Are Bariatric Patients Getting the Air Ambulance Service They Need?
Recently, I saw a news report about a growing problem in the air ambulance industry: Patients who are too big to fly. We've touched on this problem in the past, when we wrote about a woman traveling from Hungary to the U.S. who was denied boarding on a commercial flight because of her weight and other heart problems. But overweight patients can also present challenges for operators of both helicopter and fixed-wing air ambulances.
The article discussed several situations where heavy patients, usually weighing 280 to 300 pounds or more, couldn't be transported via air ambulance. According to some estimates, roughly 1% of potential air ambulance patients are denied transport because of their weight – or 5,000 every year.
Often, it appears there is no clear dividing line that separates a patient who is too big to fly from one who is not. However, multiple factors come into play in making this decision. The size of the aircraft, amount of fuel on board, and the weather can affect the decision about whether it's safe to take off.

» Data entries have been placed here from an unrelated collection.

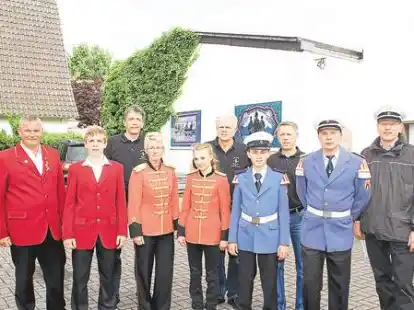 Spenden von der K&ouml;nigskompanie (vorn, von links): Johannes Rohde, Andreas Traute, Conny Wolter, Pia-Marie Kolloge, Marko Havekost, Martin Posenauer und Jens Kuraschinski mit (dahinter) den K&ouml;nigen Bernd Schr&ouml;der, Ludger Kramer und Volker B&ouml;ttjer auf dem Areal des einstigen &bdquo;Zisch&ldquo;-Getr&auml;nkemarktes an der S&ouml;gestra&szlig;e.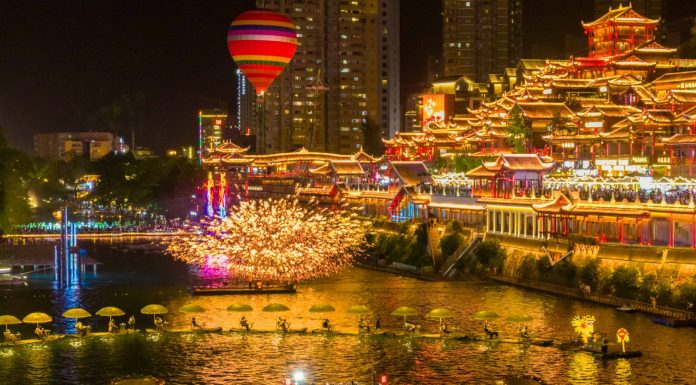 Cina: tour notturni animano la cittadina montana di Xuan’en (3)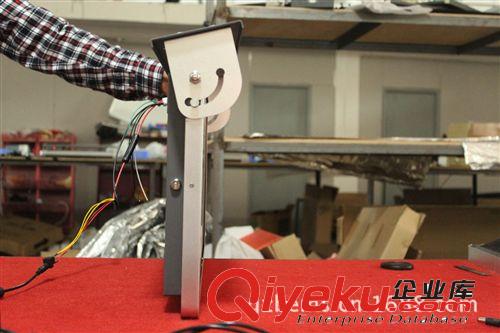 廠家直供 車載廣告機(jī) 背鎖廣告機(jī) 吸頂廣告機(jī) 高清1080P 現(xiàn)800元原始圖片3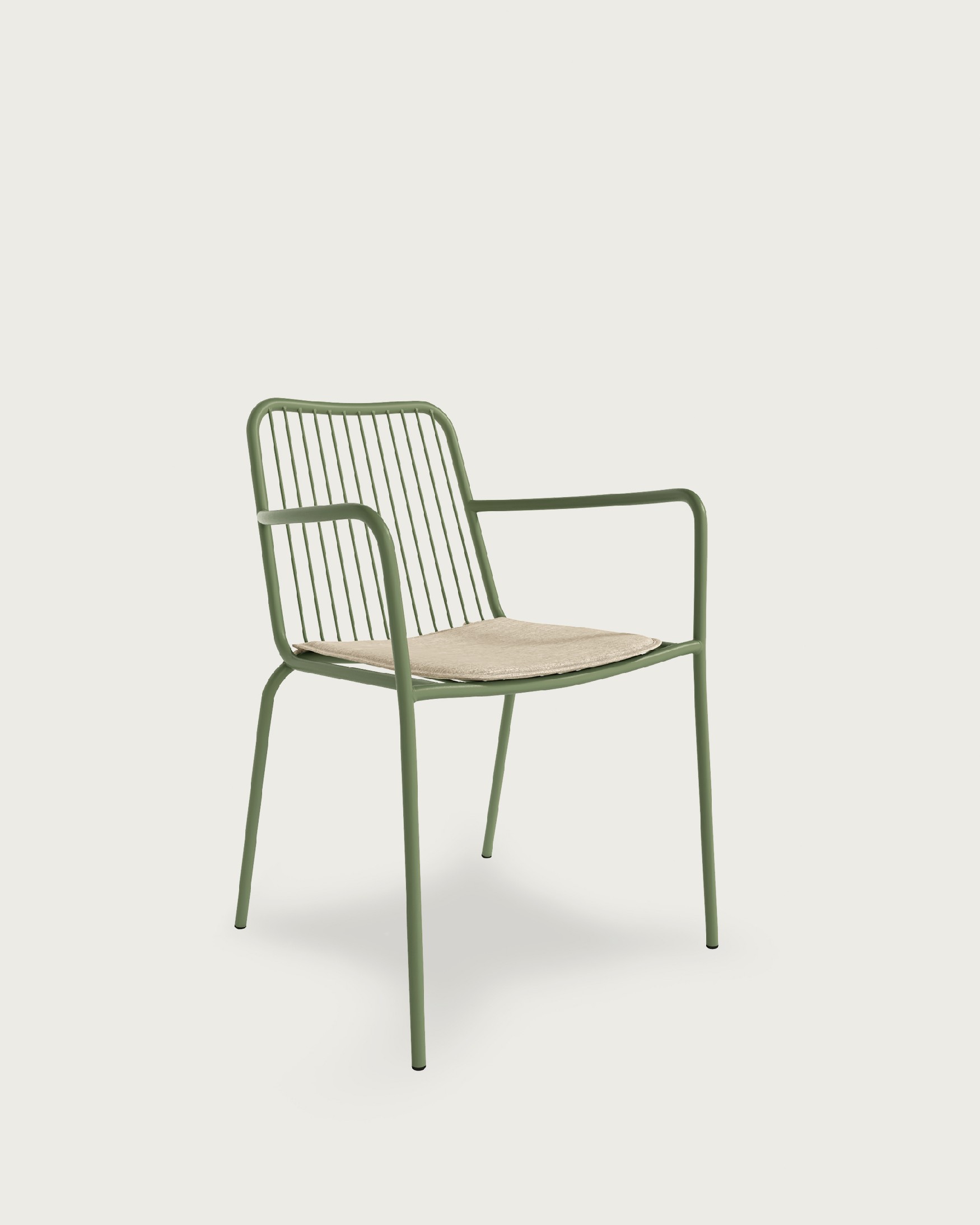 Chaise Ohana en métal vert craie avec coussin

There is a point at which the weight, height and air craft simply cannot accommodate the patient. In a helicopter, the weight of the pilot, equipment, nurse medic and a patient's weight up to 275 pounds can be accommodated, however the patient's girth may make a helicopter trip unrealistic. In addition, the positioning of an obese patient, lying flat with their weight pushing against organs can make any current medical condition worse.
In an air ambulance setting, each aircraft has set guidelines regarding patient's weight and size. Again, patient girth becomes a factor if the patient is unable to fit safely through the door or if lying down will have a negative impact on their health, well-being and comfort. If a patient's girth precludes them from traveling in a helicopter or air ambulance, a bariatric patient may travel via ground medical motorcoach in a bariatric configured unit where the back end of the motor coach opens.
At MedFlight911, we treat obese patients the same way we would any other patient: We do everything we need to get them safely to where they need to be. Because we're not dealing with emergency situations, we have more flexibility when arranging a transport.. Or, if time is less of a concern, we might suggest transport via a bariatric configured medical motor coach. Each situation is different, but we are usually able to find a solution that gets the patient to their ultimate destination.
Many people in the U.S. are obese – more than one third, according to the Centers for Disease Control and Prevention – and that percentage is likely to increase in the future. These people need medical care just like everyone else, and we must find ways to accommodate their needs. As air ambulance medical professionals, it's our job to provide care to all patients, and we are focused on finding ways to efficiently and effectively care for everyone we serve, no matter their size.